--- Directions for this task ---
Set down every line of the data exactly, skipping the pictures.

Segment Start: Raw data

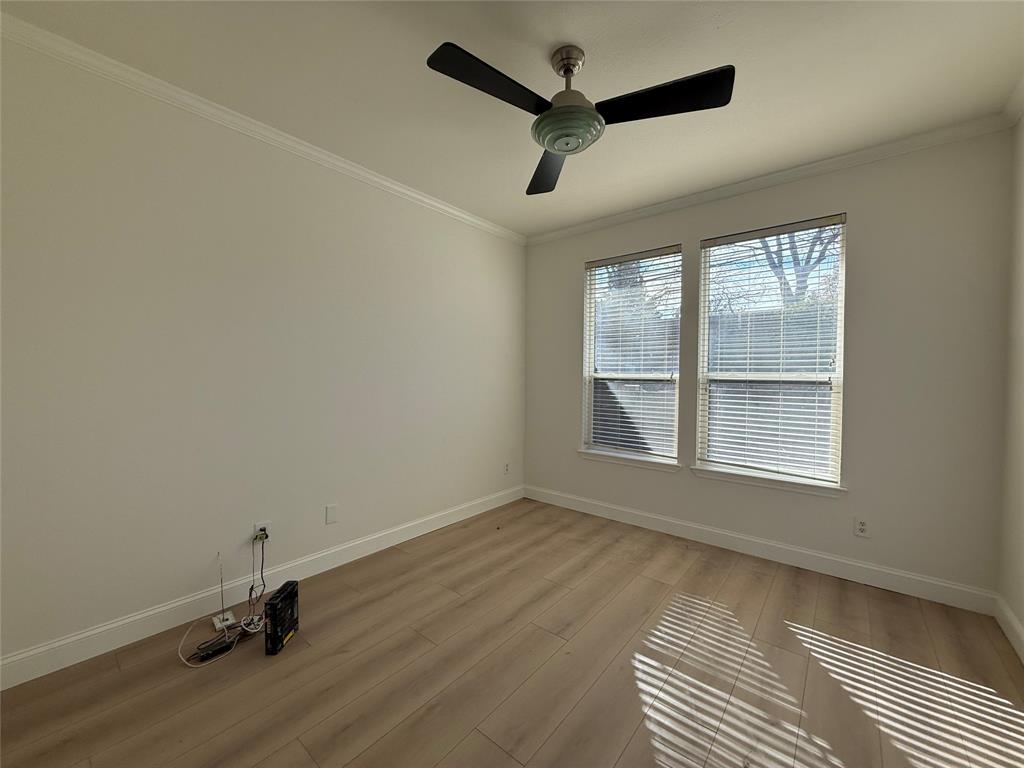 2254 Ash Grove Way Dallas, TX 75228 - Photo 12 of 23 an empty room with a window and wooden floor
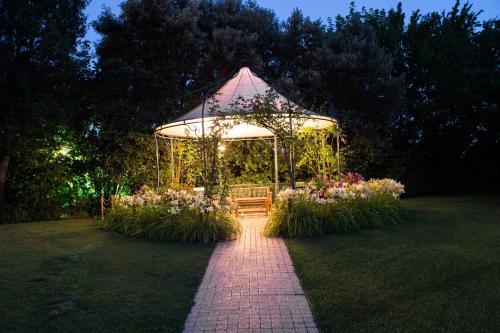 a gazebo with a bench in a garden at night at Osteria Alla Pasina in Dosson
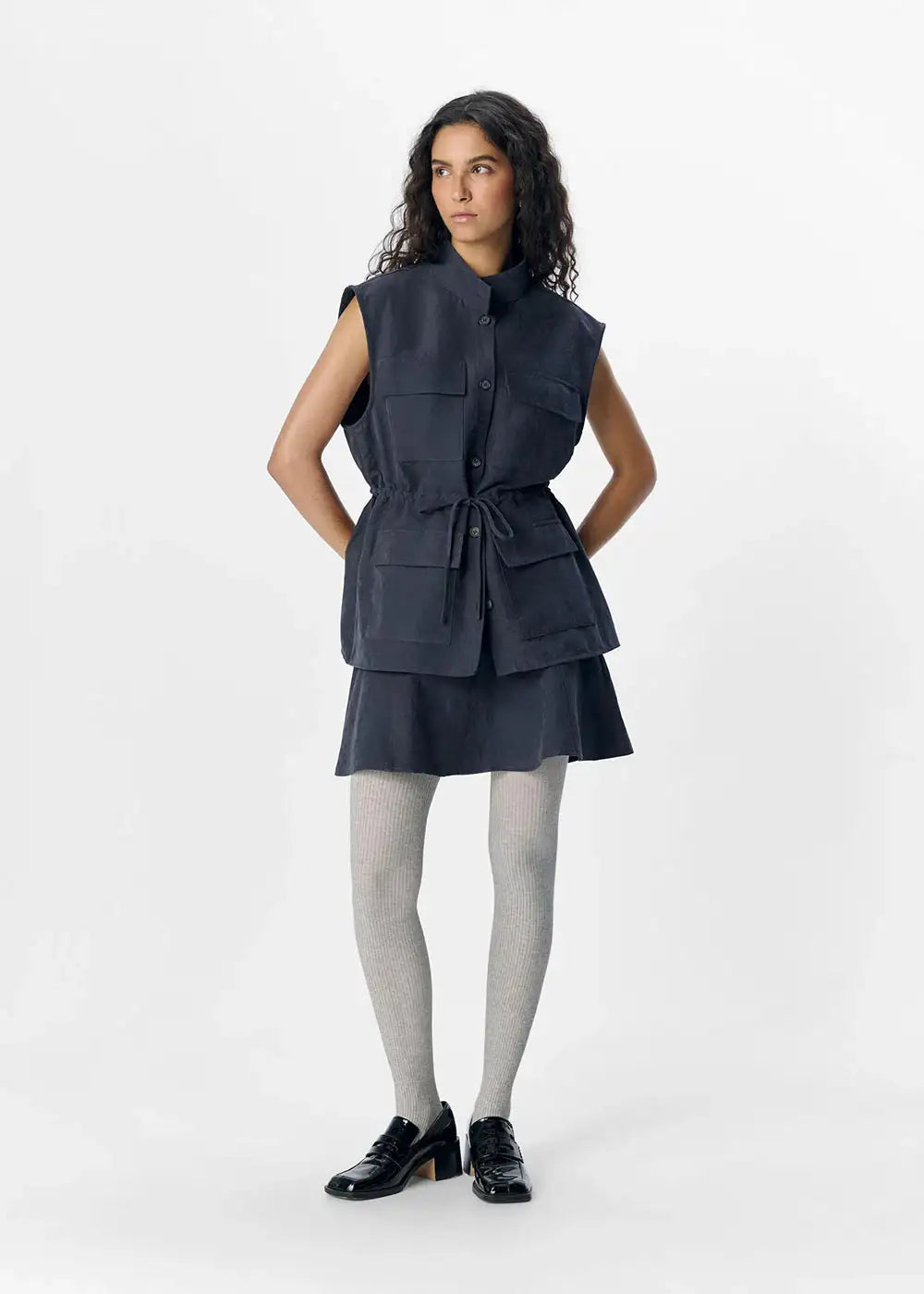 Woman in dark denim sleeveless belted vest and skirt, grey tights, black shoes, studio background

Segment End: Raw data

--- Written response ---
 2254 Ash Grove Way Dallas, TX 75228 - Photo 12 of 23 an empty room with a window and wooden floor
 a gazebo with a bench in a garden at night at Osteria Alla Pasina in Dosson
 Woman in dark denim sleeveless belted vest and skirt, grey tights, black shoes, studio background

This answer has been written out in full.